La relazione al Codice civile
Val la pena andare a ritroso per meglio comprendere le ragioni del legislatore in occasione del varo del Codice civile relativamente alla disposizioni sulla comunione. Ebbene, l'articolo 520 della Relazione al Codice civile del 1942 chiarisce che i poteri della maggioranza sono disciplinati dagli articoli 1105, 1106 e 1108. Specifica, poi, che per gli atti non eccedenti l’ordinaria amministrazione, è sufficiente «la semplice maggioranza, calcolata secondo il valore delle quote» mentre per le opere innovative è richiesta una «maggioranza qualificata che rappresenti almeno i due terzi del valore complessivo della cosa comune» (la stessa maggioranza qualificata è richiesta anche per gli altri atti eccedenti l’ordinaria amministrazione). Fanno eccezione gli atti di alienazione, costituzione di diritti reali sul fondo comune e le locazioni superiori al novennio per i quali è richiesto l'assenso totalitario.

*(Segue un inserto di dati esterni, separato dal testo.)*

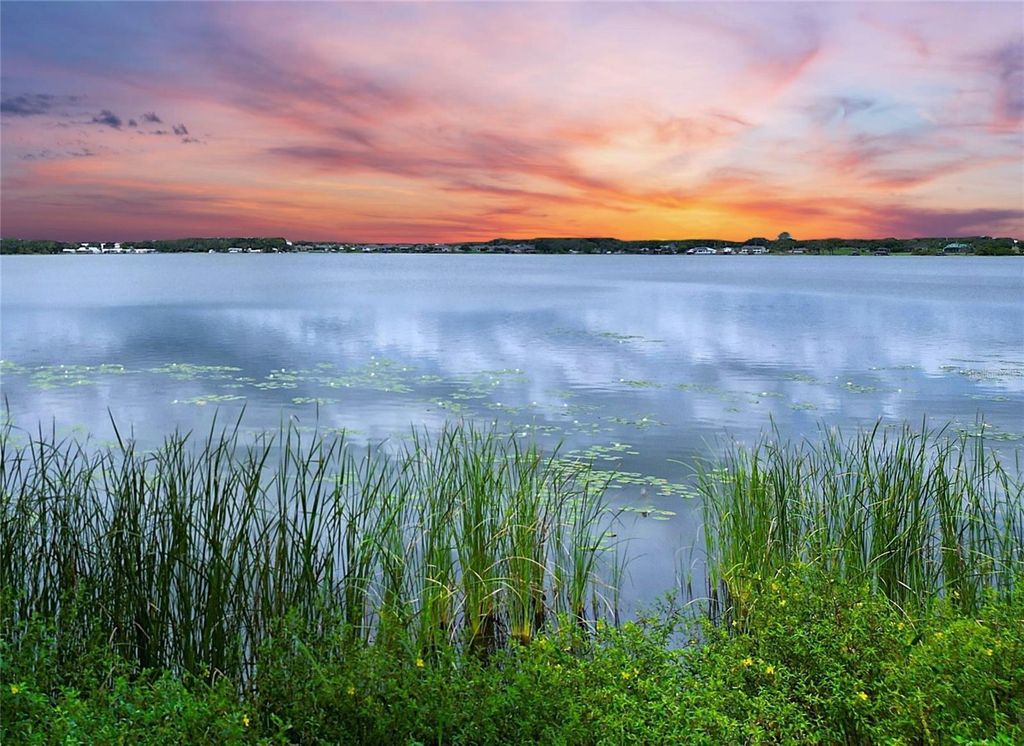 Photo of 31 Sunset Circle, Lake Alfred, FL 33850 (MLS # P4936225)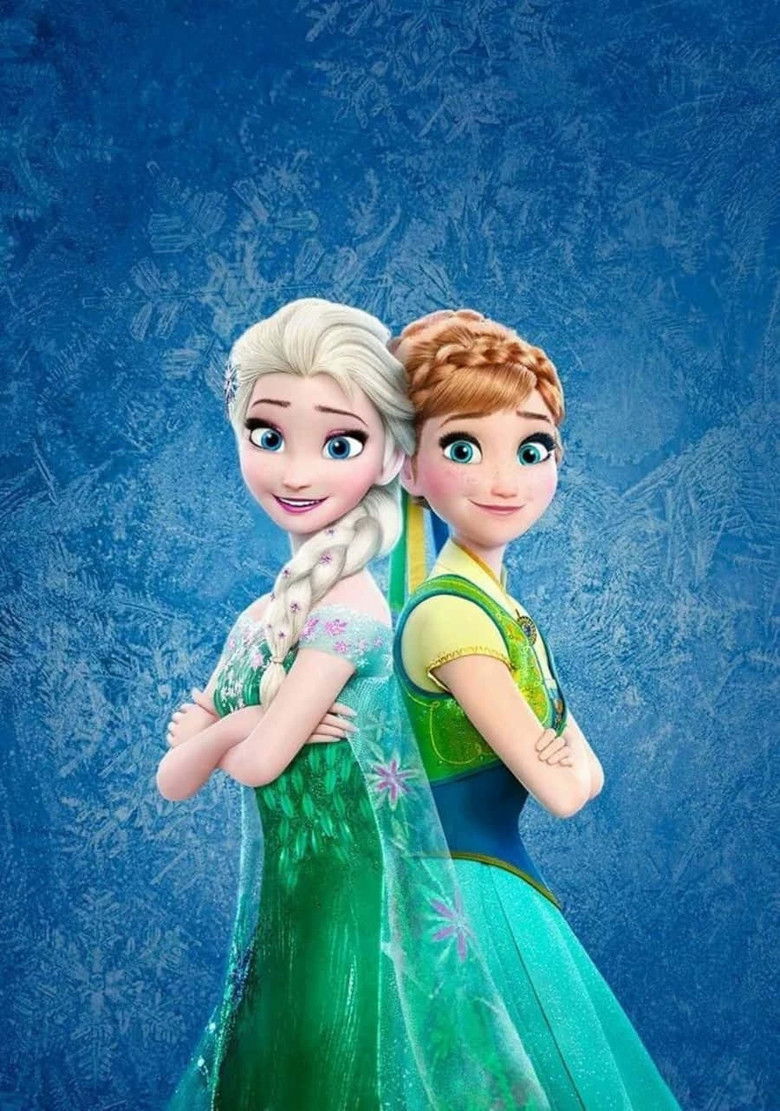 Imatge de Frozen Fever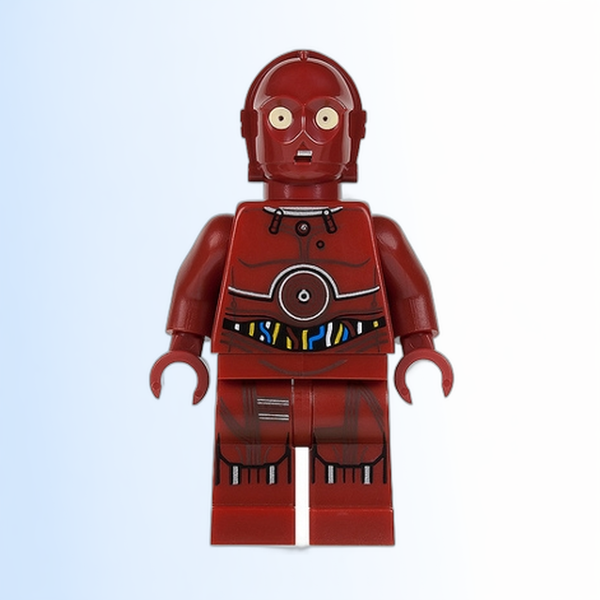 TC-4 Protocol Droid - sw0546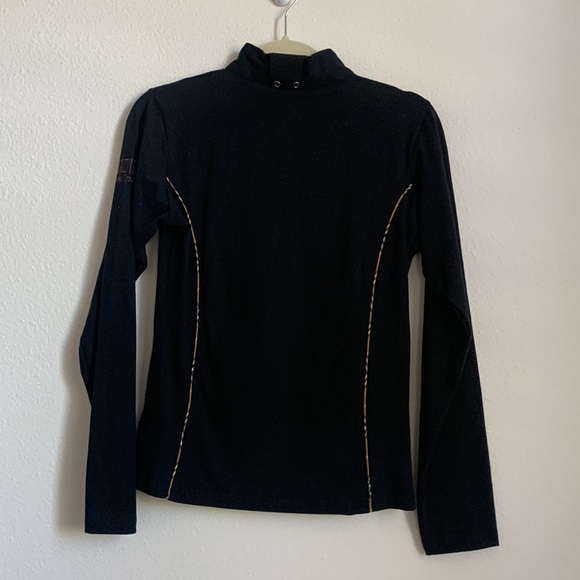 Dover Saddlery Riding Sport Long Sleeve Shirt - Picture 2 of 5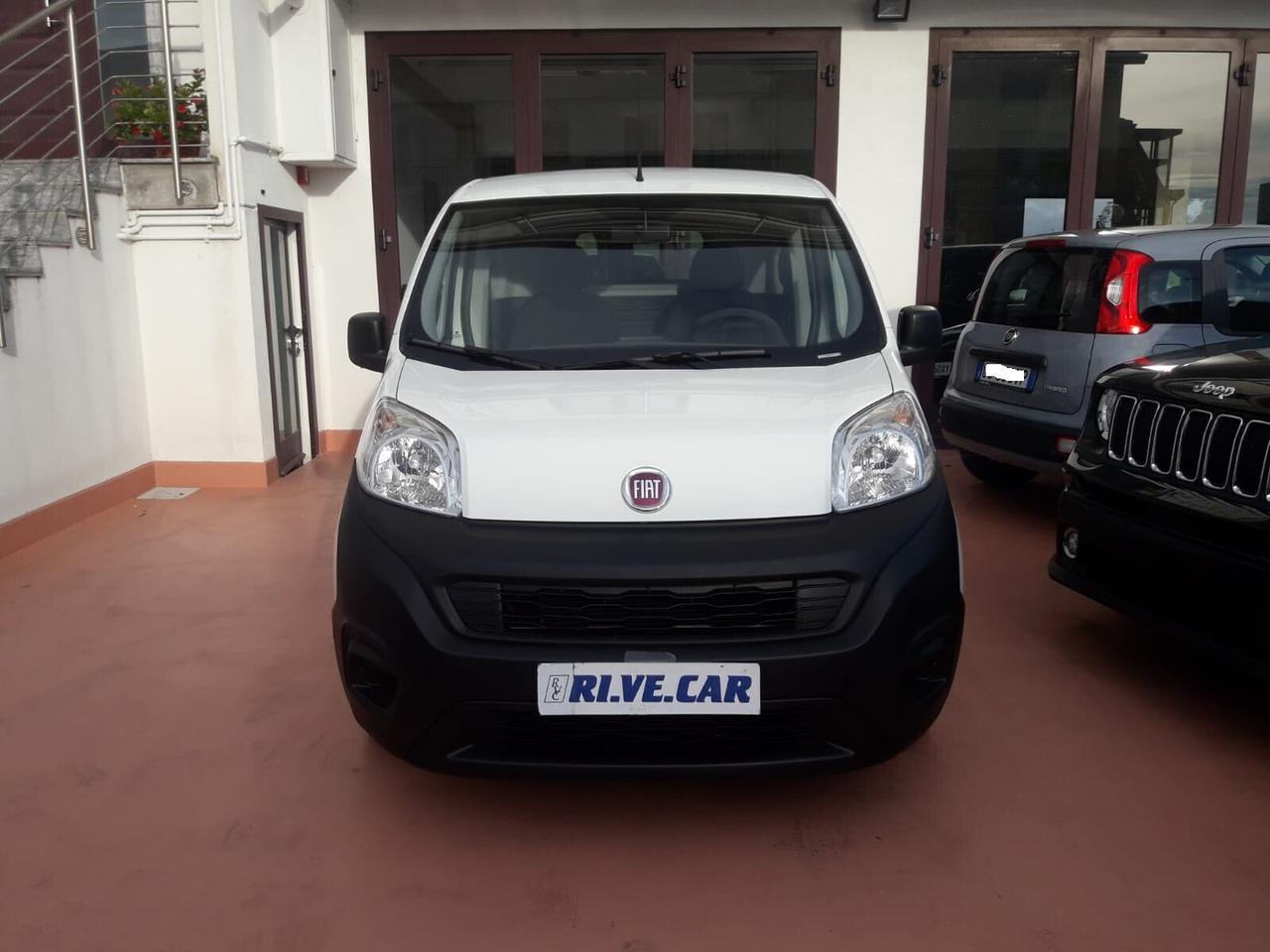Fiat Fiorino 1.3 M.jet 80cv EU6 Cargo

La comunione è retta dal principio maggioritario quotista
Da ciò emerge che la quota rappresenta la misura della singola partecipazione alla comunione per cui ad una maggiore quota corrisponderanno maggiori diritti e doveri. La comunione classica è retta dal principio maggioritario quotista che, quale frazione ideale dell'intero, è il parametro che determina i diritti e i doveri di ogni comunista. In forza del principio maggioritario le deliberazioni adottate dalla maggioranza delle quote vincolano anche i dissenzienti e gli assenti. Differentemente dal condominio (ove è richiesta una duplice maggioranza, teste e valore), nella «comunione minima» (ovvero quella costituita da due comunisti) anche un solo comunista detentore di quota maggioritaria (o, eventualmente, di più quote che assieme costituiranno l'asse maggioritario riunito in capo ad un comunista) può imporre le scelte decisionali sulla minoranza (costituita da uno o, eventualmente, più comunisti).

Il principio maggioritario si applica a tutti gli atti volti alla conservazione o al miglioramento del bene comune. Le decisioni sono vincolanti per la minoranza dissenziente. Vengono assunte con la maggioranza semplice (metà più uno) computata sul valore delle quote (e non in base al numero dei comunisti). In dottrina (F. Gazzoni) si è ribadito che, ad esempio, «se la comunione è formata da sei comproprietari, l'unico comproprietario con quota del 51% fa prevalere la propria volontà su quella degli altri cinque che si dividono il residuo 49%».Vengono assunte con la maggioranza qualificata, costituita dai due terzi del valore complessivo della cosa comune, le delibere riguardanti gli atti eccedenti l'ordinaria amministrazione tra cui le innovazioni volte al miglioramento del bene che non importino una spesa gravosa e tutti gli altri atti eccedenti l'ordinaria amministrazione (naturalmente, a condizione che non pregiudichino il godimento e l'interesse dei partecipanti). Per gli atti di alienazione della cosa comune, gli atti di costituzione di diritti reali sul fondo comune e le locazioni ultranovennali è invece richiesto, in quanto incidenti sul diritto di ciascun comunista, il consenso unanime di tutti i partecipanti.

Conclusioni
La pronuncia della Cassazione assume particolare rilievo ed interesse perché traccia il concetto di «comunione minima», ovvero costituita da due soli comunisti, chiarendone le sfaccettature più intrinseche. Esamina e compara la «comunione minima» con il «condominio minimo» (in entrambi i casi costituiti da due partecipanti) ponendo in risalto le nette diversità in ordine alla estrinsecazione del consenso assembleare. Rileva la profonda diversità nella costituzione della maggioranza nel condominio e nella comunione. Delinea, poi, le conseguenze scaturenti dalle assemblee del «condominio minimo» e della «comunione minima». In caso di contrapposizione, assenza o disaccordo, nell'ipotesi del «condominio minimo» si porrà la necessità di ricorrere al giudice camerale per risolvere l'acceso conflitto. Al contrario, nell'ipotesi della «comunione minima» nessun ostacolo si frapporrà in quanto si riterrà valida ed efficace la delibera assembleare assunta con il voto del solo quotista di maggioranza.